[Data shown Boundary: Start]

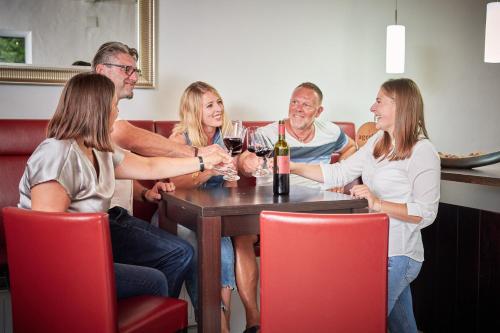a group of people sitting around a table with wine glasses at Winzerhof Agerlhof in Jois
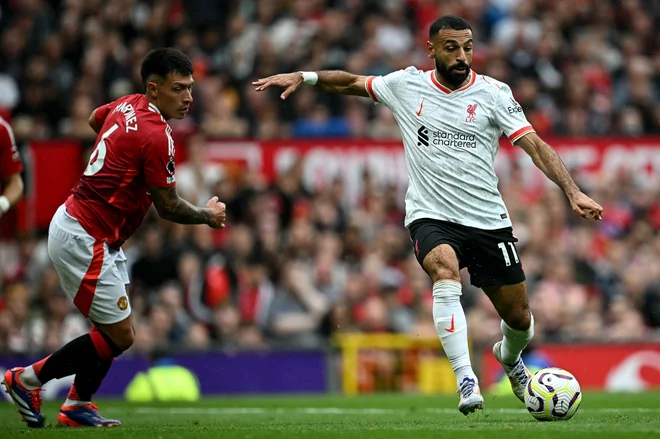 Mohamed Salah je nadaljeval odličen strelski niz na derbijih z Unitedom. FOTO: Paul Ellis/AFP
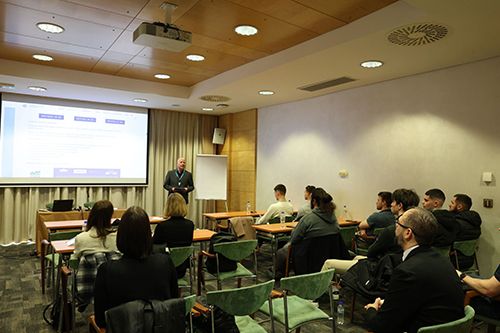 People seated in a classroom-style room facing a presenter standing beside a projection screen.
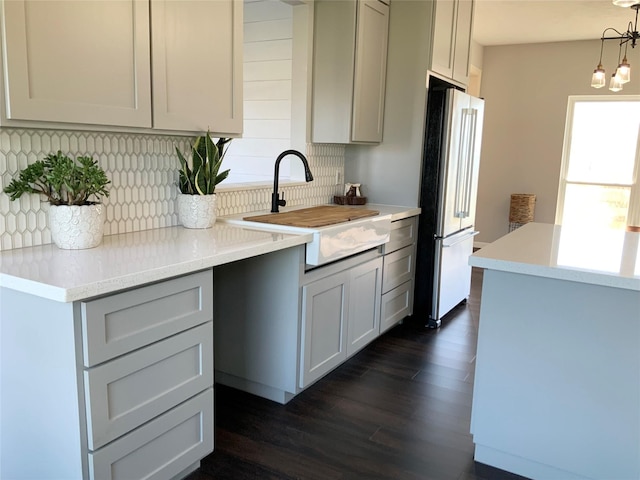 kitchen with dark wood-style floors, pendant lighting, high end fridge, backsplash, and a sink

[Data shown Boundary: End]
[Data shown Boundary: Start]

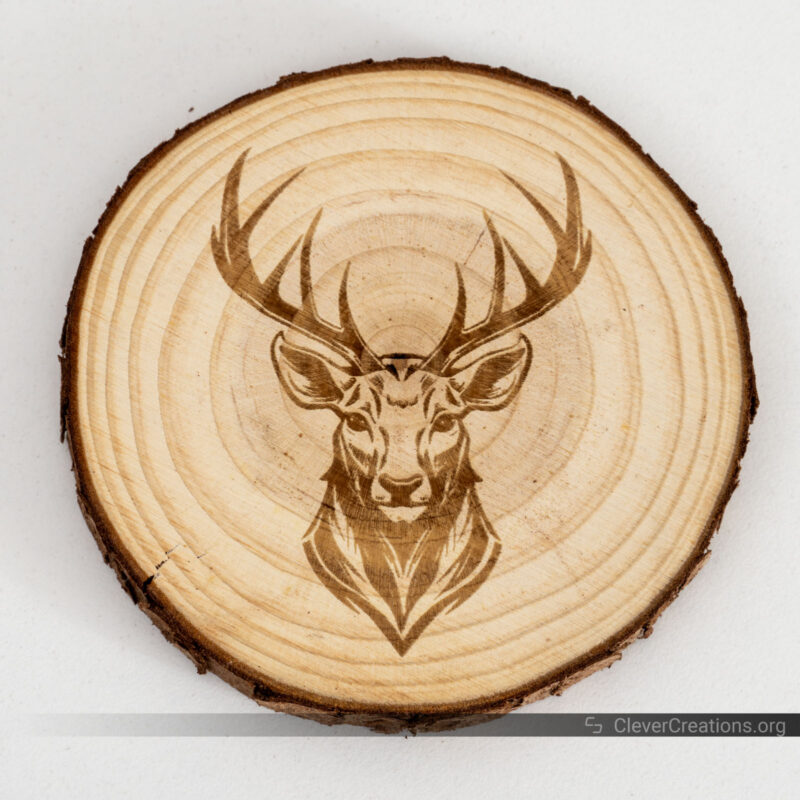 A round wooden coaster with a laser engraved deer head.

[Data shown Boundary: End]
[Data shown Boundary: Start]

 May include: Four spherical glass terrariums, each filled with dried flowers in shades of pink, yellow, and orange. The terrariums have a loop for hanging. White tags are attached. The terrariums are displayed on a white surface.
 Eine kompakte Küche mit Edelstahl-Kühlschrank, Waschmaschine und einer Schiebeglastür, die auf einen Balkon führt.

[Data shown Boundary: End]

Copy needed, without pictures: the lines of the listing above from the line containing "People seated in" up to and including the line containing "kitchen with dark", set down exactly.

 People seated in a classroom-style room facing a presenter standing beside a projection screen.
 kitchen with dark wood-style floors, pendant lighting, high end fridge, backsplash, and a sink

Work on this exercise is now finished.